__EXERCISE AIM__:
Repeat exactly, and only, the lines of the entries below from the one with "Portrait of Woman Lightly Touching Her Face" through the one with "Martin Graham pendant", both ends included.

__DATA RECORDS__:
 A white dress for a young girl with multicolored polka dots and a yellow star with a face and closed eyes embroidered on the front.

...

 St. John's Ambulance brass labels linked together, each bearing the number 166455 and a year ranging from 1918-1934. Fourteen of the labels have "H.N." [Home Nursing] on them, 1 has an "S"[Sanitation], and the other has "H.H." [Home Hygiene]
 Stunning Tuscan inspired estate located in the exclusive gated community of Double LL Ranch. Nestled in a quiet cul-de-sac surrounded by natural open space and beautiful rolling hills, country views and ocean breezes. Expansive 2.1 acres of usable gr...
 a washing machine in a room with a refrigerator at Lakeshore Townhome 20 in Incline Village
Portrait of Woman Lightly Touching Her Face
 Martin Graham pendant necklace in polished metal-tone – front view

__RESPONSE AREA__:
Portrait of Woman Lightly Touching Her Face
 Martin Graham pendant necklace in polished metal-tone – front view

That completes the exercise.